▶ _RECORDS SHOWN_:
Segment Open

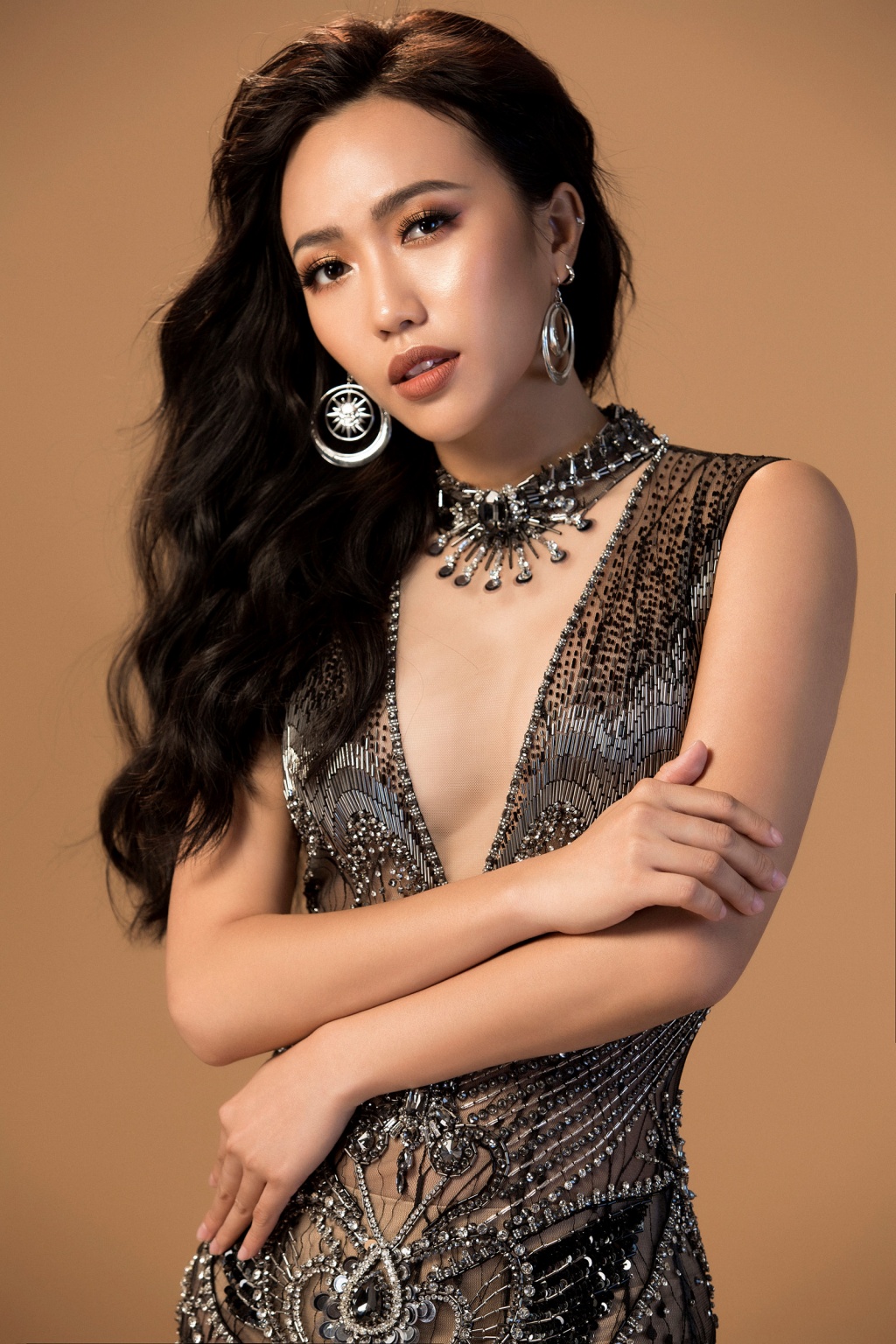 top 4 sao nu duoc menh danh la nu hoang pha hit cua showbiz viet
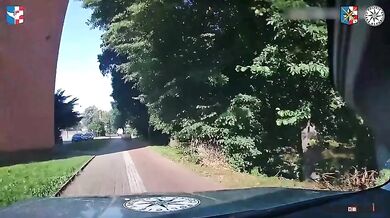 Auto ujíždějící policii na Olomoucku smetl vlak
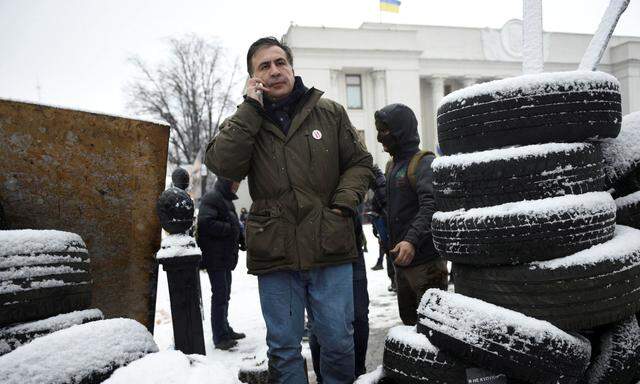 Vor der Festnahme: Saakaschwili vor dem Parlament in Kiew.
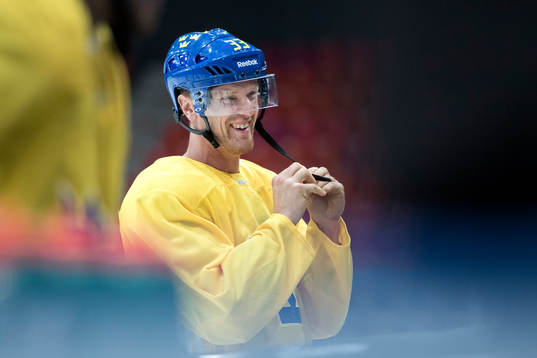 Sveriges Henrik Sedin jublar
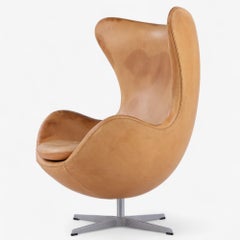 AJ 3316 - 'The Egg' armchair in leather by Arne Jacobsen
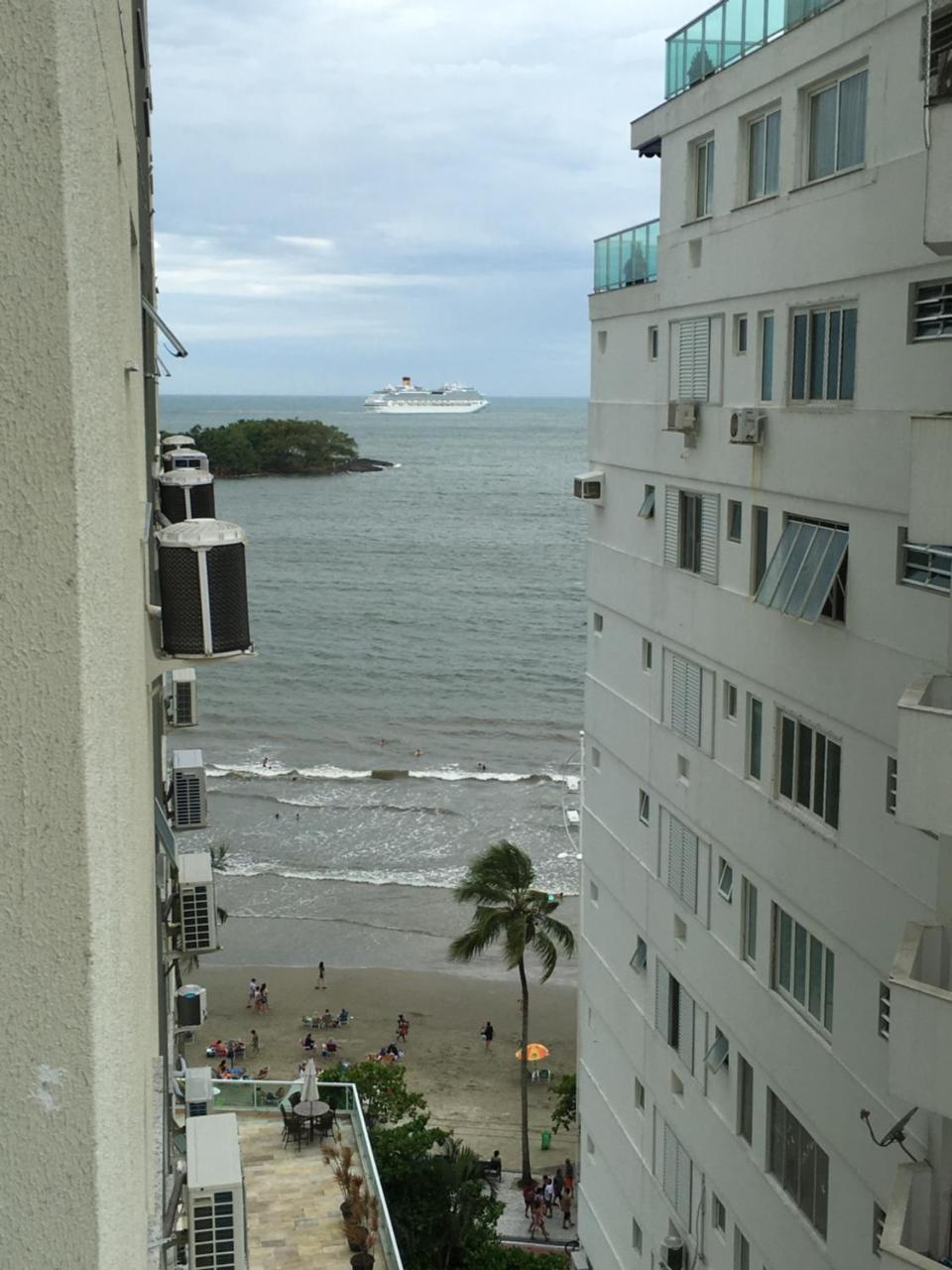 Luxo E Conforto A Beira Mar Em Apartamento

Segment Closed
Segment Open

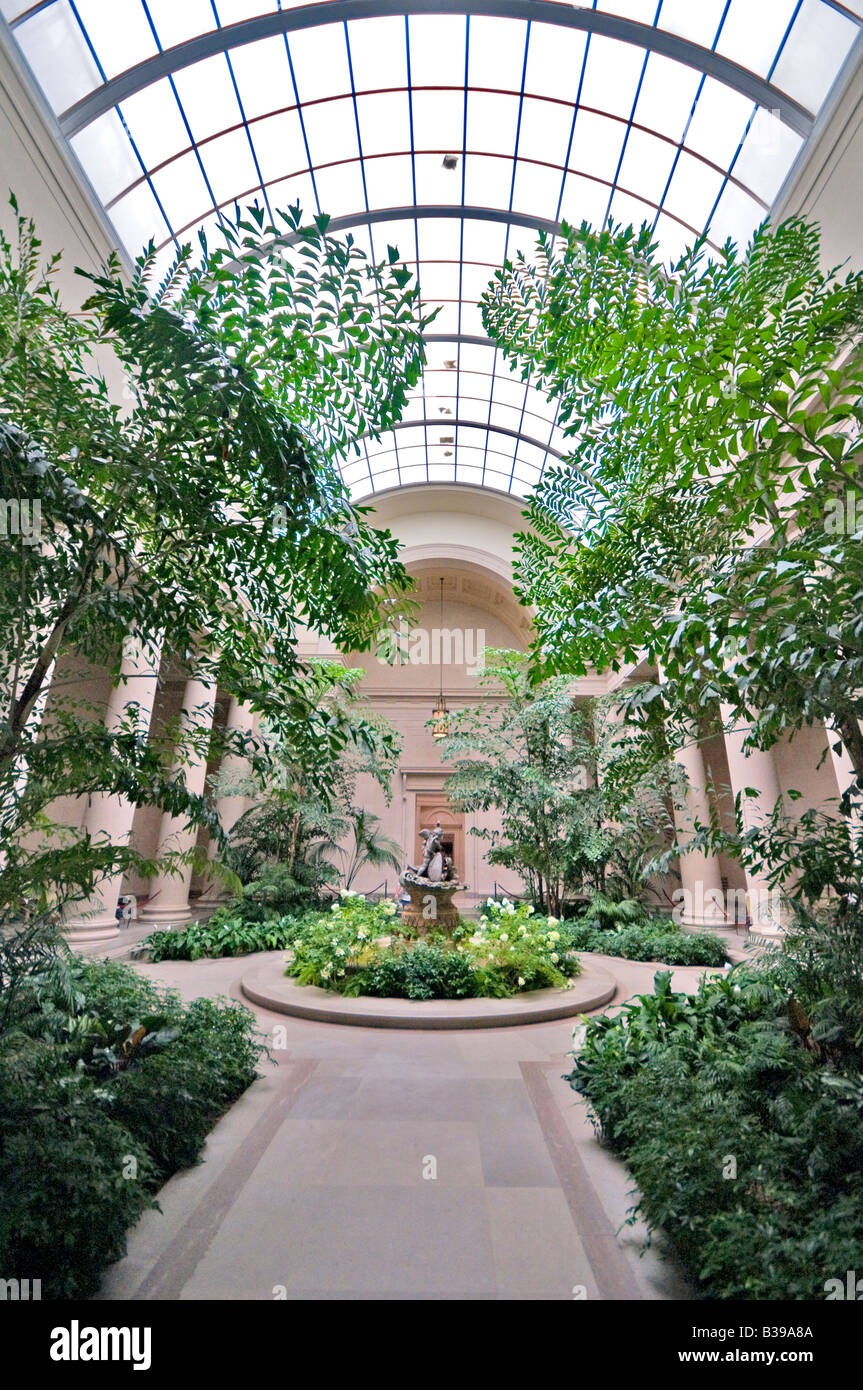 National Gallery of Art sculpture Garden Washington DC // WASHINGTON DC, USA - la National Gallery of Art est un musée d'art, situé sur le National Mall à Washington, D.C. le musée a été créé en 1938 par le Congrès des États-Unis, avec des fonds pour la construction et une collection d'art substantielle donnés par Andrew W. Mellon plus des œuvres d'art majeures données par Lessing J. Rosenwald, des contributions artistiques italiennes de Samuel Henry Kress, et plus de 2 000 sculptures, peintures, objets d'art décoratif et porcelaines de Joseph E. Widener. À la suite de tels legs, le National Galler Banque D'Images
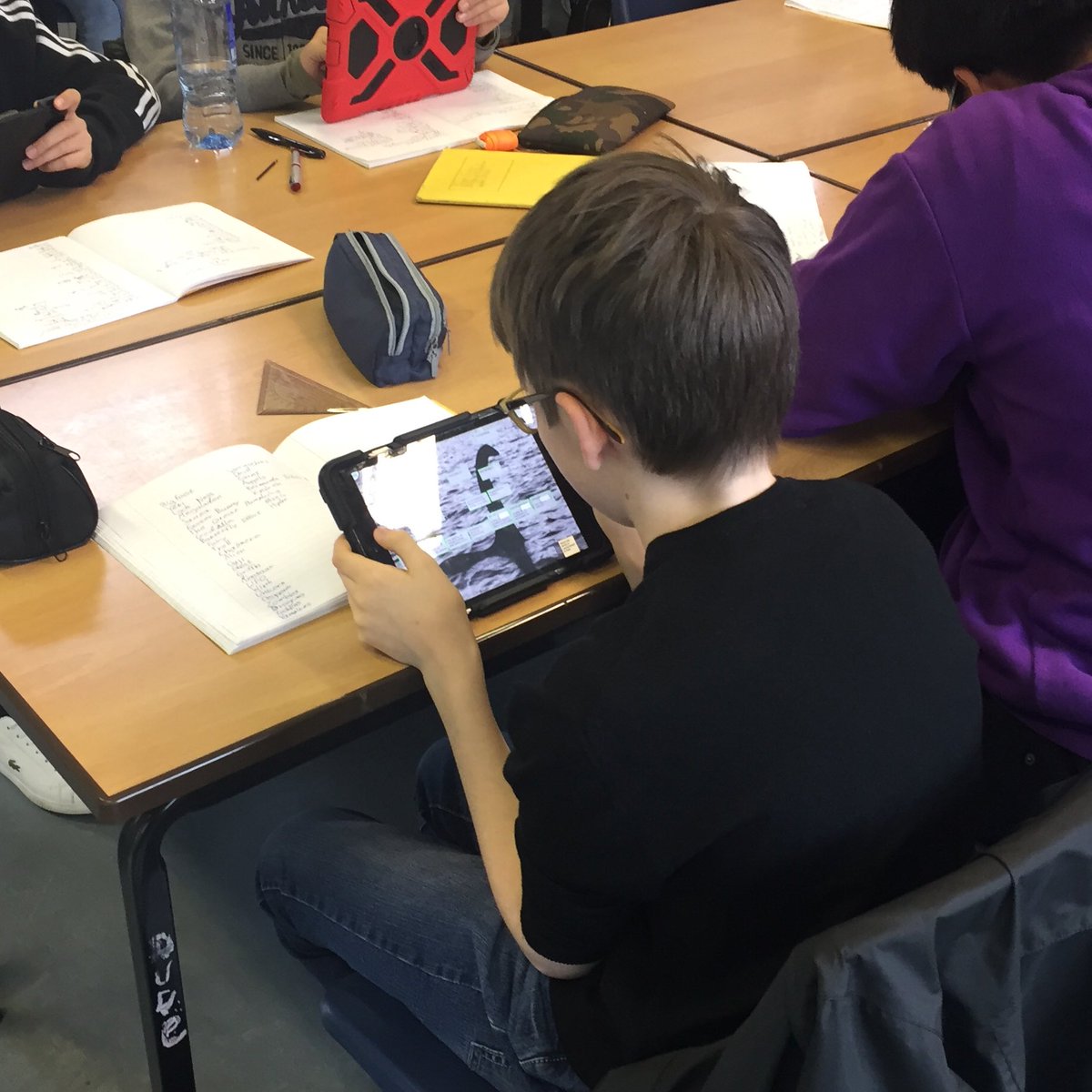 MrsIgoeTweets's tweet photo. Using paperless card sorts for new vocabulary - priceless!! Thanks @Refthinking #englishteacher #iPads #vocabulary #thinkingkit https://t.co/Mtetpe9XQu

Segment Closed

▶ _TASK OBJECTIVE_:
Reproduce exactly, with no pictures, the lines above from the one holding "Sveriges Henrik Sedin jublar" to the one holding "Luxo E Conforto A Beira Mar Em Apartamento", inclusive.

▶ _TASK SOLUTION_:
 Sveriges Henrik Sedin jublar
 AJ 3316 - 'The Egg' armchair in leather by Arne Jacobsen
 Luxo E Conforto A Beira Mar Em Apartamento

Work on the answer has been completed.